● Problem: For this exercise, reproduce the entries below exactly, but only from the line containing "तक क़ायम रहती है" through the line containing "आवाज ए बागी जय जोहार जय आदिवासी🏹", both included.

● Data for this exercise:

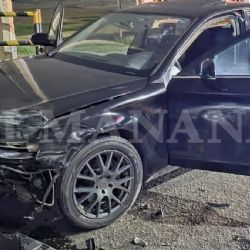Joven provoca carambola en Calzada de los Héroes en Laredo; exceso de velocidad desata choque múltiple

* * *

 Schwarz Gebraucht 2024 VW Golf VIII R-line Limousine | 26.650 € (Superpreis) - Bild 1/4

---

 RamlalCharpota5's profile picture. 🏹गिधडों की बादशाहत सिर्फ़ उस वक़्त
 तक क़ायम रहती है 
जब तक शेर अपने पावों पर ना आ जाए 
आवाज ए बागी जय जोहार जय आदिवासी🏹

● Reply:
 तक क़ायम रहती है 
जब तक शेर अपने पावों पर ना आ जाए 
आवाज ए बागी जय जोहार जय आदिवासी🏹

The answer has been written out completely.